Lokal statt global
Etwas Patriotismus darf sein: Zum Nationalfeiertag gehören Schweizer Weine, zumal das Land viel mehr zu bieten hat als Chasselas, Pinot noir und Merlot. Wir haben fünf Spezialitäten aus fünf Regionen ausgewählt.

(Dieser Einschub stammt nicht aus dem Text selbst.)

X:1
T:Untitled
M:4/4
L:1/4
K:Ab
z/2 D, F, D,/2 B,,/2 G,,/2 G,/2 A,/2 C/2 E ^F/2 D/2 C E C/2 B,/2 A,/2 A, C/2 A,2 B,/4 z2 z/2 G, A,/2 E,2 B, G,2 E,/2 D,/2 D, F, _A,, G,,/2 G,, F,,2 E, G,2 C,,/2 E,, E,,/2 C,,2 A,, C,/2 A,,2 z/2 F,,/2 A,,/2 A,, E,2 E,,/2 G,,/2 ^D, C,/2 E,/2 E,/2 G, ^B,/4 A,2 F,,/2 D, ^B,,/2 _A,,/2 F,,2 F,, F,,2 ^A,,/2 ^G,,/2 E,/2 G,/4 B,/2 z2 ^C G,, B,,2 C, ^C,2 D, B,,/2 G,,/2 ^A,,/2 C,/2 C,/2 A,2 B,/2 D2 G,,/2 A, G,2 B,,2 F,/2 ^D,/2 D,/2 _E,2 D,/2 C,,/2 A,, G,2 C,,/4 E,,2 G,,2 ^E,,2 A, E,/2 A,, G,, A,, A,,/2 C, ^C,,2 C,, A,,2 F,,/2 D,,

Noch immer glauben es nicht alle, aber es lässt sich nicht wegdiskutieren: Die Schweizer Weine sind Weltklasse – zumindest ein Teil der produzierten Gewächse. Die Qualität ist in den letzten 20 bis 30 Jahren dramatisch gestiegen, was selbst im Ausland zunehmend stärker wahrgenommen wird. Die Pioniere treten langsam ab und machen der jungen Generation Platz, die schon in einigen Gütern das Zepter übernommen hat und mit Innovation, Idealismus und Begeisterung die Erfolgsgeschichte weiterschreiben will.
Einer der Trümpfe ist die grosse Rebsortenvielfalt auf der kleinen Anbaufläche von rund 15 000 Hektaren. Klar: Chasselas ist der König in der Westschweiz. Die Deutschschweiz ist ohne Pinot noir undenkbar. Und im Tessin dominiert der Merlot. Doch in allen sechs Anbaugebieten des Landes werden spannende Spezialitäten, rare Exoten und wenig bekannte Sorten kultiviert. Diese passen ebenso zum 1. August wie Chasselas und Co. Unsere fünf Vorschläge sind also eine Hommage an den einheimischen Weinbau.

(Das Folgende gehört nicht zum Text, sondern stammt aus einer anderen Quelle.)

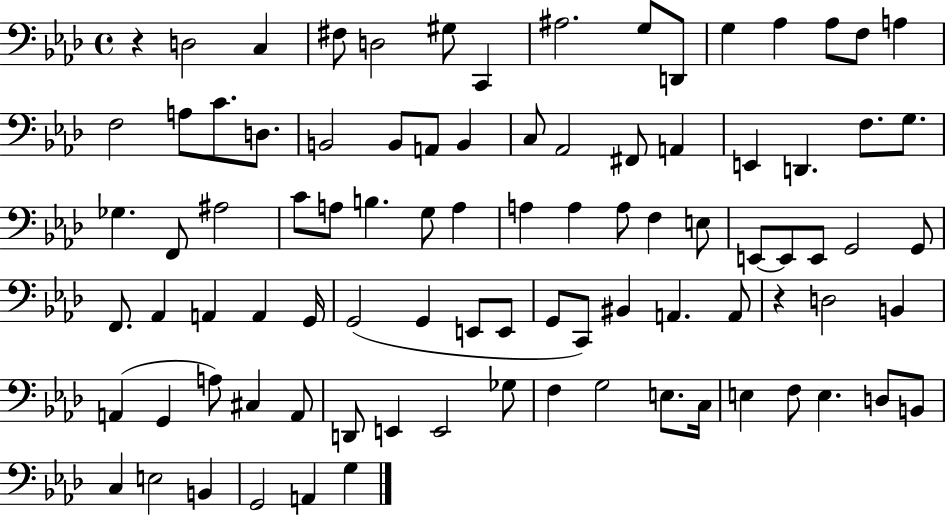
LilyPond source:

{
  \clef bass
  \time 4/4
  \defaultTimeSignature
  \key aes \major
  r4 d2 c4 | fis8 d2 gis8 c,4 | ais2. g8 d,8 | g4 aes4 aes8 f8 a4 | \break f2 a8 c'8. d8. | b,2 b,8 a,8 b,4 | c8 aes,2 fis,8 a,4 | e,4 d,4. f8. g8. | \break ges4. f,8 ais2 | c'8 a8 b4. g8 a4 | a4 a4 a8 f4 e8 | e,8~~ e,8 e,8 g,2 g,8 | \break f,8. aes,4 a,4 a,4 g,16 | g,2( g,4 e,8 e,8 | g,8 c,8) bis,4 a,4. a,8 | r4 d2 b,4 | \break a,4( g,4 a8) cis4 a,8 | d,8 e,4 e,2 ges8 | f4 g2 e8. c16 | e4 f8 e4. d8 b,8 | \break c4 e2 b,4 | g,2 a,4 g4 | \bar "|."
}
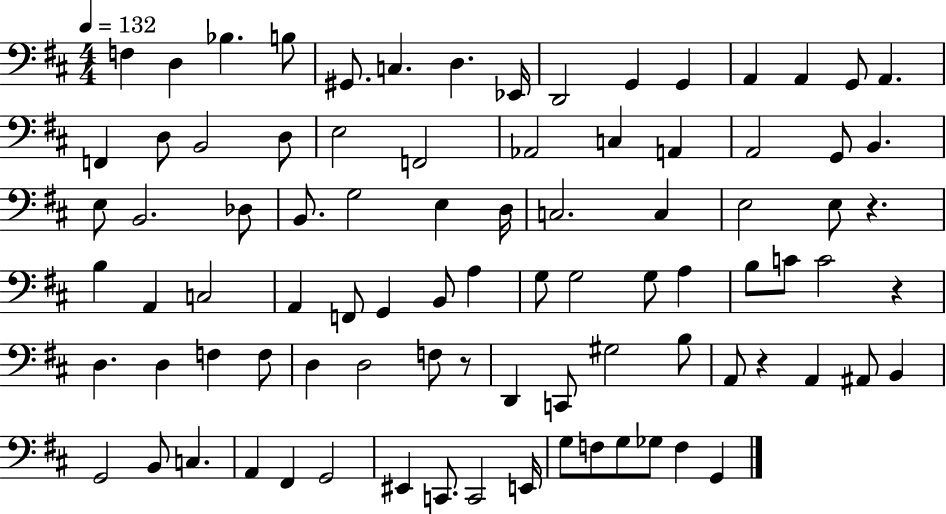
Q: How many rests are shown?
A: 4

1. Completer 2022, Weingut Hermann, Fläsch
Die rare weisse Sorte gehört zur Bündner Herrschaft. Sie ergibt eindrucksvolle, kräftige und lagerfähige Weine, wie dieses Beispiel beweist. Es ist im Mémoire des Vins Suisses vertreten, der Spitzen-Winzervereinigung des Landes. Der im gebrauchten Barrique und Doppelbarrique ausgebaute 2022er zeigt sich mit einem leicht nussigen Duft, ist frisch, geschmeidig, mineralisch geprägt und besitzt ein grosses Potenzial. Roman Hermann hat den Betrieb von seinen Eltern Peter und Rosi übernommen.

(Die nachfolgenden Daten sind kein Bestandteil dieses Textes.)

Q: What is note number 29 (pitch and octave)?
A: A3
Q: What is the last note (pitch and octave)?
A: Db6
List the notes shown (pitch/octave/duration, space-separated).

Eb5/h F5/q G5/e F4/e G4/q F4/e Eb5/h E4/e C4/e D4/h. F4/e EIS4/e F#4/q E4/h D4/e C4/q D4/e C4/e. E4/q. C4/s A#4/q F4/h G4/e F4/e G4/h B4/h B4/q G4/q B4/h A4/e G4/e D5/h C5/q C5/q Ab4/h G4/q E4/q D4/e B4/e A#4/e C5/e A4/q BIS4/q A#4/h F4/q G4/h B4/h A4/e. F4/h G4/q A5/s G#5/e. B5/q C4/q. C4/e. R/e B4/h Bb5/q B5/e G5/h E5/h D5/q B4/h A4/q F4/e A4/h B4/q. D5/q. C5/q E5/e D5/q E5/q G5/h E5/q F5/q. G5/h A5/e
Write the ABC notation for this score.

2. Himbertscha 2022, Chanton Weine, Visp
Eine weltweit einmalige Spezialität ist diese Sorte aus dem Wallis, eine Kreuzung aus Humagne blanc und wahrscheinlich einem Muscat. Das Weingut Chanton hegt und pflegt solche Kuriositäten, die den Reiz des Weinbaus ausmachen. Die Reben wachsen in Varen auf 700 Metern über Meer. Himbertscha duftet nach Kräutern, Haselnüssen und zeigt eine feine Mineralität. Der Wein ist mittelschwer und endet mit schöner, leicht salzig geprägter Länge. Er lässt sich etwa als Apéro mit Bergkäse oder Fischtatar kombinieren.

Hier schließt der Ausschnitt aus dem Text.